Extensions de proximités et de prétopologies dans l'ensemble des ultrafilters. (Extensions of proximities and pretopologies in the set of ultrafilters) (Q1307307)

A Riesz extension of a relation \(\delta \subset PX \times PX\) on the set \(PX\) of subsets of a set \(X\) is a pretopological space, i.e. a pair \((Y,\varphi)\), where \(Y\) is a set and \(\varphi: P Y\to PY\) satisfies \(\varphi(\emptyset)=\emptyset\), \(A\subset\varphi(A)\), \(\varphi(A\cup B)=\varphi(A)\cup\varphi(B)\), for which \(X\subset Y\), \(A\delta B\) if and only if \(\varphi(A)\cap \varphi (B) \neq \emptyset\), and \(\{x\} \delta A\) if and only if \(x \in \varphi (A)\). This paper seeks to characterize those \(\delta\) which admit a Riesz extension.
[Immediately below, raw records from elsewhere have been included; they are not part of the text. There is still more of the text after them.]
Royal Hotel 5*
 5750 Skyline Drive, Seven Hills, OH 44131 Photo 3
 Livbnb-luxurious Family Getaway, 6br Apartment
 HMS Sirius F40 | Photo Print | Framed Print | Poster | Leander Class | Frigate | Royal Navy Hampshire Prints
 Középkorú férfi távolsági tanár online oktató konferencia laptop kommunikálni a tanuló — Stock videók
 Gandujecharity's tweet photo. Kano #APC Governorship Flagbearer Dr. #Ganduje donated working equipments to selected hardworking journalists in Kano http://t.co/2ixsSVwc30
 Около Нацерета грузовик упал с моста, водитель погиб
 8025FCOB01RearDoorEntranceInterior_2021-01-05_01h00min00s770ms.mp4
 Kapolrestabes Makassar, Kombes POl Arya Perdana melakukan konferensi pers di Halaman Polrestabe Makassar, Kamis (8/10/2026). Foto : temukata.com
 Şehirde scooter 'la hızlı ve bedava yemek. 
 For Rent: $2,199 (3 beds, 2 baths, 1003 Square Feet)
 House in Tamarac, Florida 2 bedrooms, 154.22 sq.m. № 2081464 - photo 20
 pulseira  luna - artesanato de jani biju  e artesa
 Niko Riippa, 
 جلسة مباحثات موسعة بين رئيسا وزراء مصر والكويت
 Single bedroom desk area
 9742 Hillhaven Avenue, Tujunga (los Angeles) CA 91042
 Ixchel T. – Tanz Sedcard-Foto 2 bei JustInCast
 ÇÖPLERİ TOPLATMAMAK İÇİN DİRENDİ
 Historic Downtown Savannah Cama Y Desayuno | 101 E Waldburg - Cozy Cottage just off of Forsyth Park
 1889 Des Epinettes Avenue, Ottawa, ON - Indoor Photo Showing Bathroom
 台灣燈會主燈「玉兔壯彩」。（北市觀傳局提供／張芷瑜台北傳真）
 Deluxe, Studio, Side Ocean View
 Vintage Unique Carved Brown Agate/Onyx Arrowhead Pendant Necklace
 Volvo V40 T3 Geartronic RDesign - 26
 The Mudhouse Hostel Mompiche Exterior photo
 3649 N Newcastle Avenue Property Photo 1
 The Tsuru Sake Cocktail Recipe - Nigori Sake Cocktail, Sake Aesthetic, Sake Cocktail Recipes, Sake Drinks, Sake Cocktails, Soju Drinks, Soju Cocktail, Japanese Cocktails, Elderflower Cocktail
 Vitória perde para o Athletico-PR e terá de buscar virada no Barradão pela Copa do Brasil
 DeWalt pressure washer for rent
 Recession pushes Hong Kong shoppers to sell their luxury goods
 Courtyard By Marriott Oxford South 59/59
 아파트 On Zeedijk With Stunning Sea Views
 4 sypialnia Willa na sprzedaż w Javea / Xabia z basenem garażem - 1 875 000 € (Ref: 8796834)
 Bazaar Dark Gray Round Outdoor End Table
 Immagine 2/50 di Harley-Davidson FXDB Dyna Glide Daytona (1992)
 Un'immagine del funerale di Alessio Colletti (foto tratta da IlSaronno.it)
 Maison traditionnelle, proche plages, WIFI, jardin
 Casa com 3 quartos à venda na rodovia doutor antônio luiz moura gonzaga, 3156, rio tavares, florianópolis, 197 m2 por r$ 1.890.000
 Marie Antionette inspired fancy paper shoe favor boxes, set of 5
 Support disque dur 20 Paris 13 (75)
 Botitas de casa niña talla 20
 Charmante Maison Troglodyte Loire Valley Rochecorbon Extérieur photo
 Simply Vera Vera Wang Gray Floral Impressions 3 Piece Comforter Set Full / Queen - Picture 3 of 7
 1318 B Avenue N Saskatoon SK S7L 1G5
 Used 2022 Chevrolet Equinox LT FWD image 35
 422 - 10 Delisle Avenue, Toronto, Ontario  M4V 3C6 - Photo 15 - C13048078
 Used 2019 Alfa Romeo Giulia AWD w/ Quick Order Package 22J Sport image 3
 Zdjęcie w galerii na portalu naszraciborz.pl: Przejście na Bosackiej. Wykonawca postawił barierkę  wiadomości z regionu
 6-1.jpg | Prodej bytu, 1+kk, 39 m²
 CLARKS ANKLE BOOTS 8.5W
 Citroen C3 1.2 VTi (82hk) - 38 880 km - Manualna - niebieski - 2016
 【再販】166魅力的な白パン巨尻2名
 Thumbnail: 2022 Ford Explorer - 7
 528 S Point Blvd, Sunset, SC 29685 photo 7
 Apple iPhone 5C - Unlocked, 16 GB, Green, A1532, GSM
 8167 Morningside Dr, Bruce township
Several such characterizations are given in terms of the ``nasse'' \(\Delta\) associated to \(\delta\), i.e. the relation \(\Delta\) on the set \(\Omega(X)\) of ultrafilters on \(X\) given by \(\Delta=\{(U,V)\in\Omega (X)^2\mid U \times V\subset\delta\}\). As a consequence it is shown that if \(\delta\) is a proximity, i.e. satisfies certain necessary conditions to admit a Riesz extension, then \(\delta\) admits a Riesz extension if and only if it admits one of the form \((\Omega(X),\varphi)\). Several examples are also considered.